On 1/11/2018 1:38 AM, Bernd Fehling wrote:
To sum it up, there is no way for bulk loading in solr, due to the lack of preserving the order of operation. Solr can only supply bulk loading if you really have unique data, right?
Bulk loading implies that every document is inserted exactly once and that there are no other operations, like updates or deletes. If there are other operations, then in my mind, it's not bulk loading.
By the way, the queue used is java.util.concurrent.BlockingQueue. Changing that to ArrayBlockingQueue (to force FIFO) would not really help, I guess.
Correct, the issue is that updates are processed simultaneously. Making absolutely sure that removal is FIFO wouldn't make any difference. Although I think that the current implementation is probably just as FIFO as the array implementation.

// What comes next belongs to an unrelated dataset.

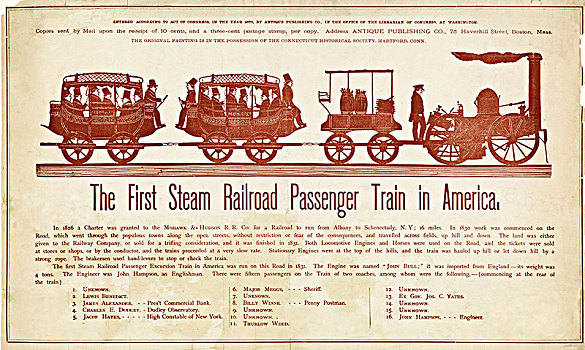 第一,蒸汽,铁路,客运列车,北美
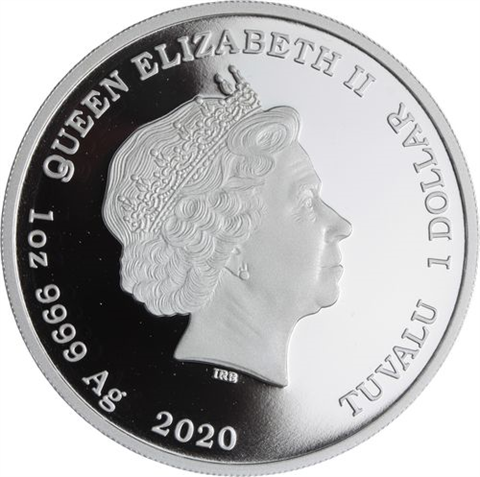Tuvalu-1 Dollar-2020-AGpp-Farbe-John Wayne-RS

You say "If there are at least three threads in the concurrent client...", but two threads would work?
The thread count of three was specific to the exact scenario I described, where update 1 contains the initial indexing and update 3 (two updates later) contains the new version. If it were update 1 and update 7, then there would need to be a thread count of seven to see the problem.
How are other users doing bulk loading with archived backups and preserving the order? Can't believe that I'm the only one on earth having this need.
If the backup is a log of changes rather than an info dump, then the only reliable way you could guarantee correct operation is to do the indexing with one thread. But then indexing will be slower, possibly a LOT slower.
Thanks, Shawn